* _TASK INPUTS_

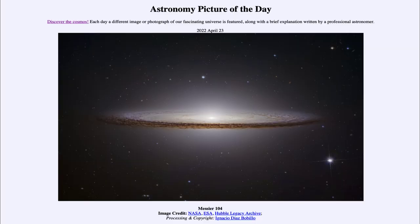Greetings and welcome to the introduction to astronomy. One of the things I like to do in each of my introductory astronomy classes is to begin the class with the Astronomy Picture of the Day from the NASA website, that is apod.nasa.gov/apod. Today's picture for April 23rd of 2022 is titled Messier 104.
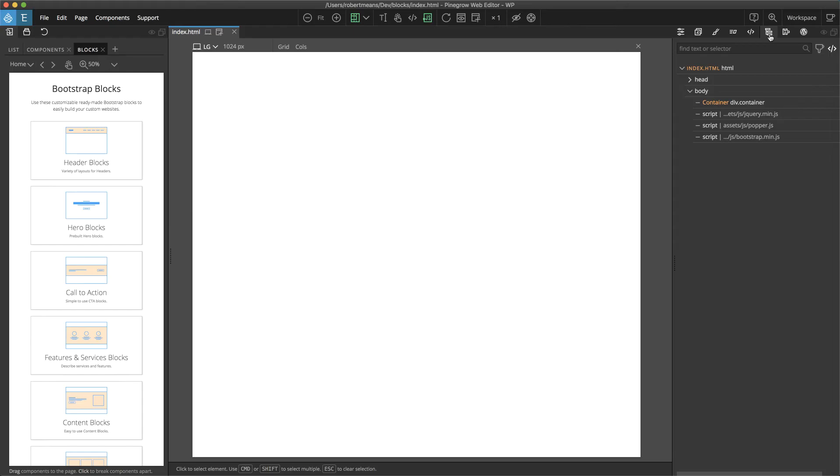In order to add a new block to a page, all you have to do is drag and drop to either the page view or the tree panel.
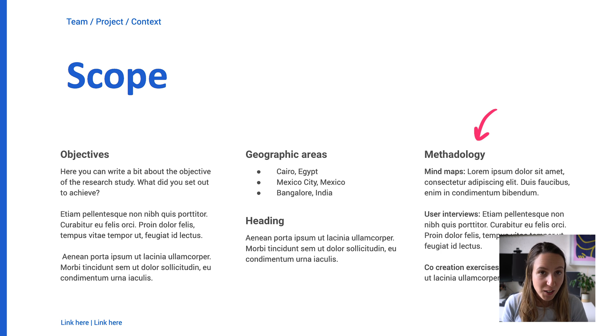The last thing to state here is the different kinds of methodologies that you used to do this research. Did you do interviews? If so, who with and how many people? Did you do user testing? Maybe you did workshops or co-creation sessions? Just state a little bit up front the different research methodologies that were used so people understand how this research was actually done.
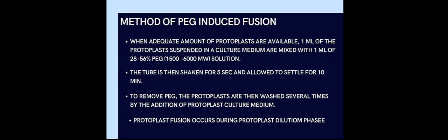PEG is a polymer known as polyethylene glycol. PEG-induced fusion is one of the most successful techniques for fusing the protoplasts. When adequate amount of protoplasts are available, then 1 ml of protoplasts suspended in culture medium are mixed with 1 ml of 28 to 56 percent PEG, molecular weight 1500 to 6000. Following this, the tube is then shaken for 5 seconds and allowed to settle for 10 minutes. This results in agglutination of the protoplasts. Protoplast fusion occurs during the dilution of PEG.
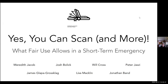Thank you for coming to our webinar today on 'Yes You Can Scan and More: What Fair Use Allows in a Short-Term Emergency.' My name is Meredith Jacob and I'm at the Program on Information Justice and Intellectual Property at American University Washington College of Law, where we do a lot of work on Creative Commons licenses, copyright, and fair use for educators.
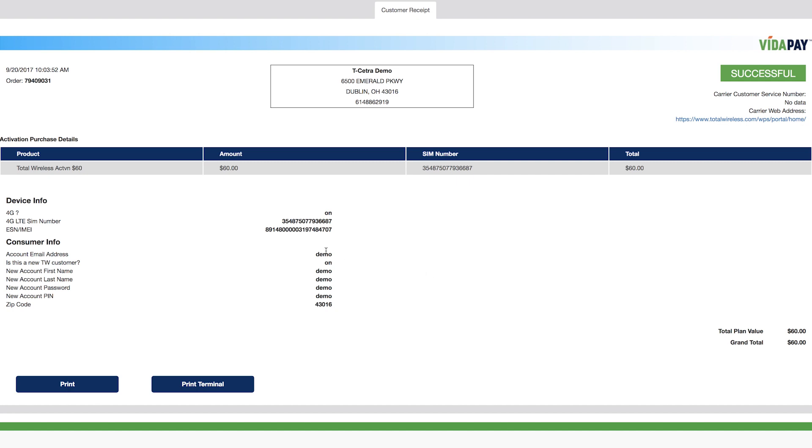If a new Total Wireless customer account was created, the details of that account will be displayed on the receipt. A new Total Wireless group will be created under the customer's account. They can use the email and password you entered to access their Total Wireless account in the future.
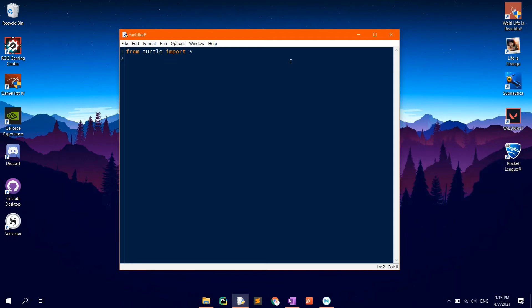Now, let's get started with the code. The rectangle will be made up of 4 sides — 2 of 200 units and 2 of 100 units.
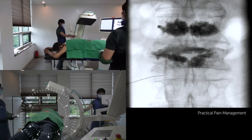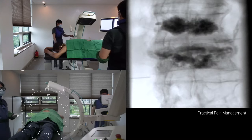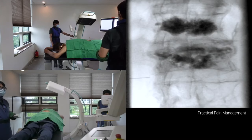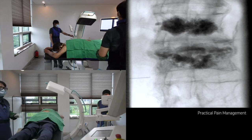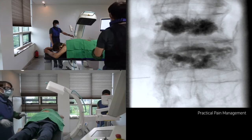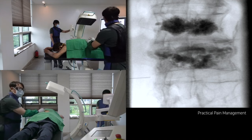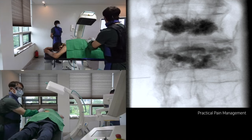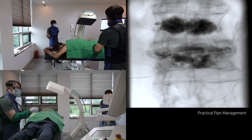Let the C-arm rotate to the contralateral side — it is about five degrees of rotation. Advance the needle slowly to the overlying bony shadow of the lamina in the upper lumbar region.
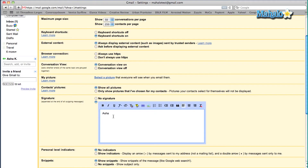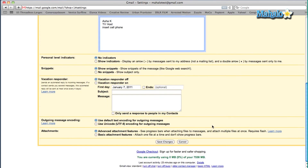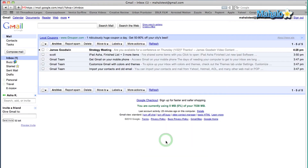Now you'll see a text box and you can type in whatever you want to make your own custom signature. So let me type in Asha Kaye, TV host, and you can insert your cell phone number as well. Once you've done that, scroll down to the bottom, click on save changes and your signature will be saved. Next time you send an email you will see your custom signature.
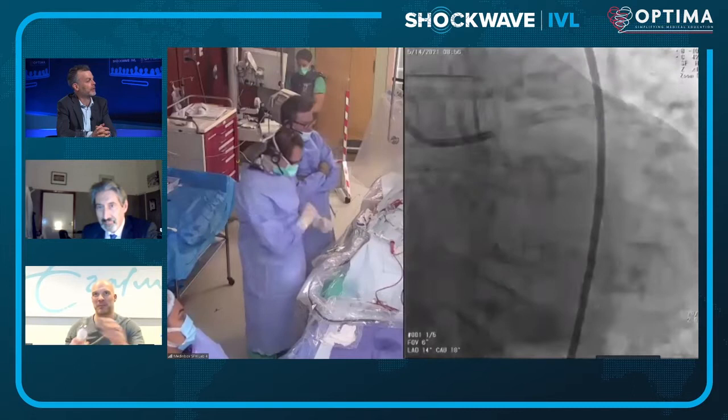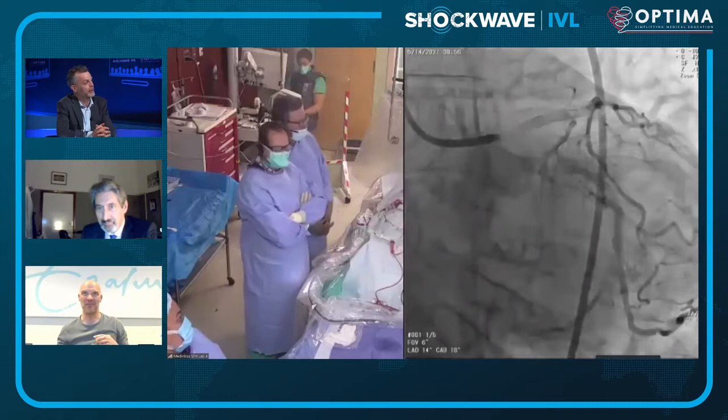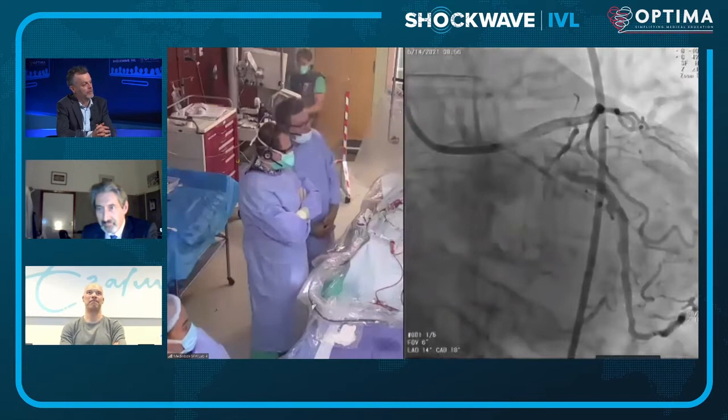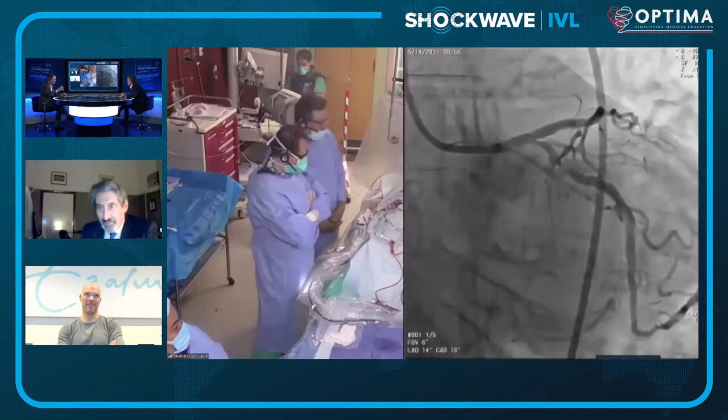Alan explains the value of a resting index pullback: it tells you which lesion has the biggest gradient and gives the biggest bang for your buck. Using SyncVision co-registration with the angiogram, it becomes clear that the majority of the gradient is at the osteal circumflex — maybe a little in the left main — and it allows measurement of how long a stent is needed, in this case around 33-34 mm.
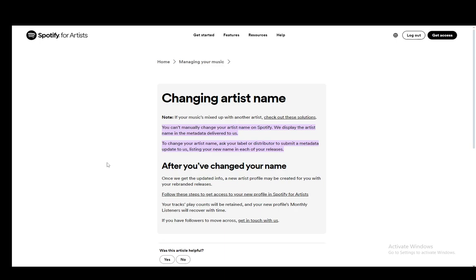That is pretty much the only way that you can do this on Spotify. As I mentioned, you cannot do it as easily as changing your display name on Spotify. You do need to actually go through a label or a distributor, which you already should have if you're uploading music — you 100% need a distributor. A label is completely up to you, but just contact whoever you're working with and they should fix this for you.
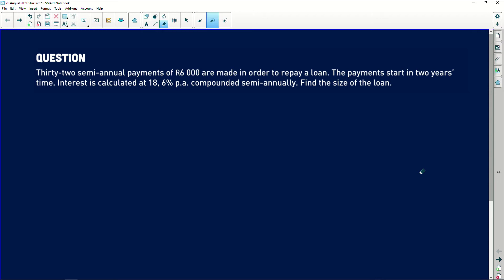According to this question, we are told that 32 semi-annual payments of 6,000 Rand are made in order to repay a loan. The payments start in two years' time and interest is calculated at 18.6% per annum compounded semi-annually. Find the size of the loan.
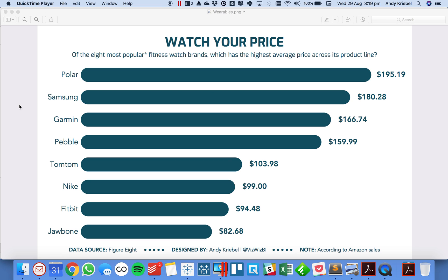In today's tip I'm going to show you how to make bar charts with rounded edges like this one I created for this week's Makeover Monday.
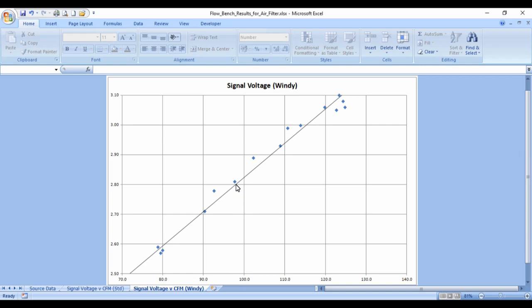This would mean that the engine will be getting fueled for 103, because it doesn't know it's got Windy's straightener in it. It just thinks it's got a standard straightener. It's expecting to be fueling for 103 cubic feet per minute, so it'll be constantly over-fueling the engine.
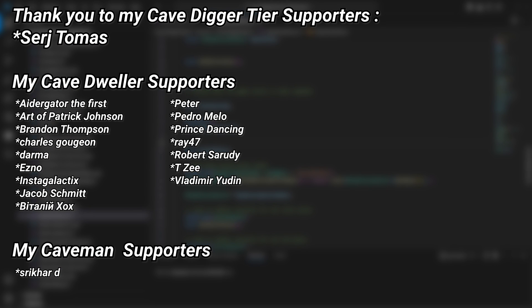And a very big thank you to all of my Patreons. You can see them on screen right now. If you want to help out supporting the channel, there's a link down below in the description to the Patreon page. And a special thanks to my Cave Digger tier Patreons. Sergei Thomas.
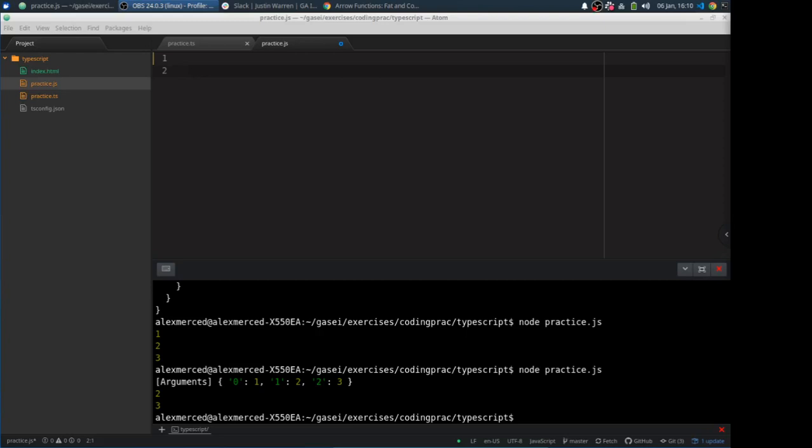Hey everybody, this is Alex Merced from alexmercedcoder.com with another lesson in JavaScript. Today I want to talk about the arguments object and what you can and can't do with it, when it's there and when it's not there.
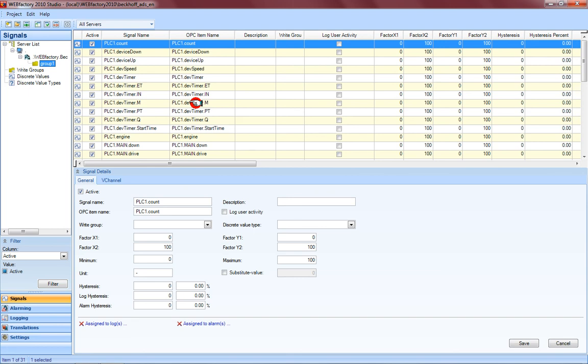The usage of these items inside a Silverlight project can be found on a separate video on our website www.webfactory-world.de. Thanks for listening and enjoy the WebFactory system.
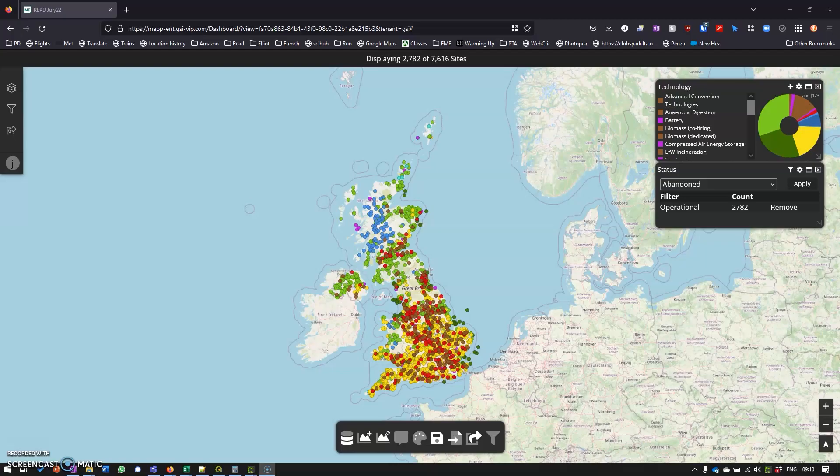Hi, this is Jonny Shannon from Geospatial Insight and welcome to the third in a series of videos showing how to get up and running with Hexagon's Map Enterprise Browser Dashboard interface. If you haven't seen the last couple of videos, you might want to go back and have a look at them. There'll be links in the description below.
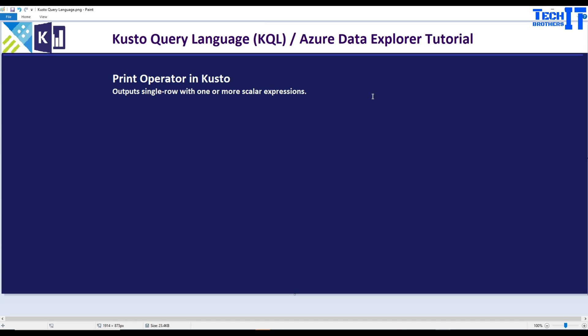Welcome to Tech Brothers with Amir. In this video, we are going to learn about a print operator in Kusto query. Print operator outputs a single row with one or more scalar expressions. Let's go ahead and take a look at how it works.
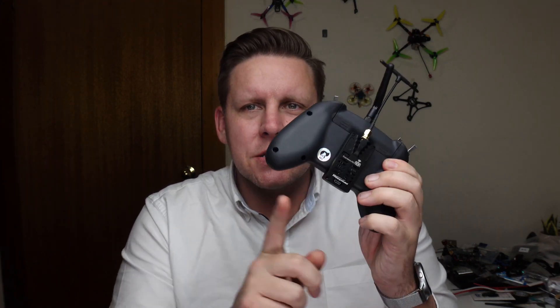So you've got a Jumper T-Lite and you've just installed an ExpressLRS module on it, and now you need to get it set up and working. That's what we're going to do today. We're going to go through all the steps to configure this in OpenTX, get the lua script on it, and get you bound up and ready to fly.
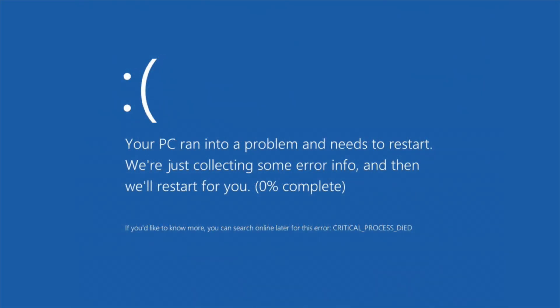With the public release of Windows 8, this is what the BSOD looked like, and it mentions specifically that it's collecting error info for a crash dump, and then the system would automatically restart. Just like the beta versions, the text stop code is at the bottom of the screen, which you can further research online.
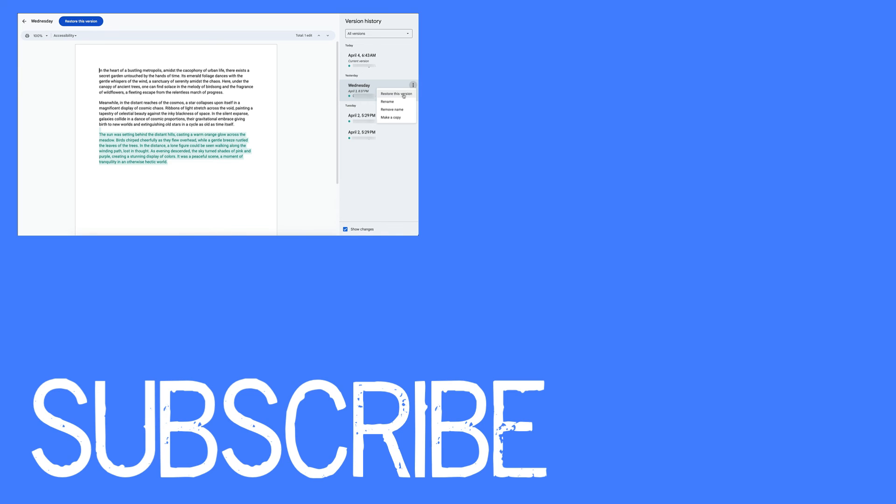If you found this video helpful, please click that like button and subscribe to this channel to view more helpful videos in the future. Also please be sure to visit my website at therabbitpad.com.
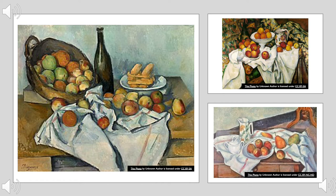The Basket of Apples is a still life painting, which was an arrangement of objects that usually included fruits, flowers, and objects of different textures such as bowls and glassware to contrast.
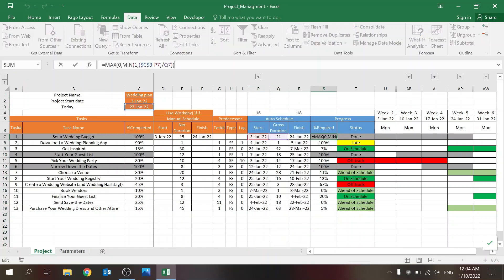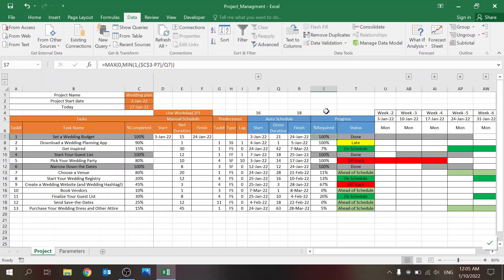The Required column looks at what day you are on — whether it's today or whatever date you've pulled in — minus when the task needs to start. A MIN and MAX function ensures this value stays between zero and one, because in some cases the calculation would go above one, which wouldn't make sense.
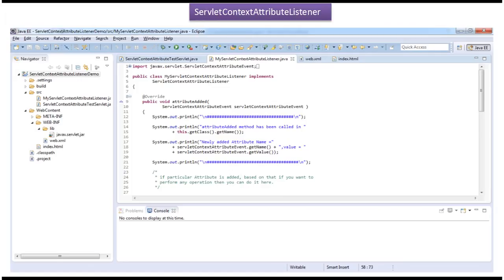Hi, this video tutorial I will cover ServletContextAttributeListener demo. Before you watch this video tutorial, please log in to my channel and watch the ServletContextAttributeListener introduction video tutorial. Then come and watch this tutorial so that you will understand this tutorial very clearly.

* _ASSIGNMENT_
Print exactly, with no pictures, the lines above from the one that holds "In today's tip" through the one that holds "Hi, this is", both of them included.

* _ANSWER SPACE_
In today's tip I'm going to show you how to make bar charts with rounded edges like this one I created for this week's Makeover Monday.
This would mean that the engine will be getting fueled for 103, because it doesn't know it's got Windy's straightener in it. It just thinks it's got a standard straightener. It's expecting to be fueling for 103 cubic feet per minute, so it'll be constantly over-fueling the engine.
And a very big thank you to all of my Patreons. You can see them on screen right now. If you want to help out supporting the channel, there's a link down below in the description to the Patreon page. And a special thanks to my Cave Digger tier Patreons. Sergei Thomas.
Hey everybody, this is Alex Merced from alexmercedcoder.com with another lesson in JavaScript. Today I want to talk about the arguments object and what you can and can't do with it, when it's there and when it's not there.
The usage of these items inside a Silverlight project can be found on a separate video on our website www.webfactory-world.de. Thanks for listening and enjoy the WebFactory system.
Hi, this is Jonny Shannon from Geospatial Insight and welcome to the third in a series of videos showing how to get up and running with Hexagon's Map Enterprise Browser Dashboard interface. If you haven't seen the last couple of videos, you might want to go back and have a look at them. There'll be links in the description below.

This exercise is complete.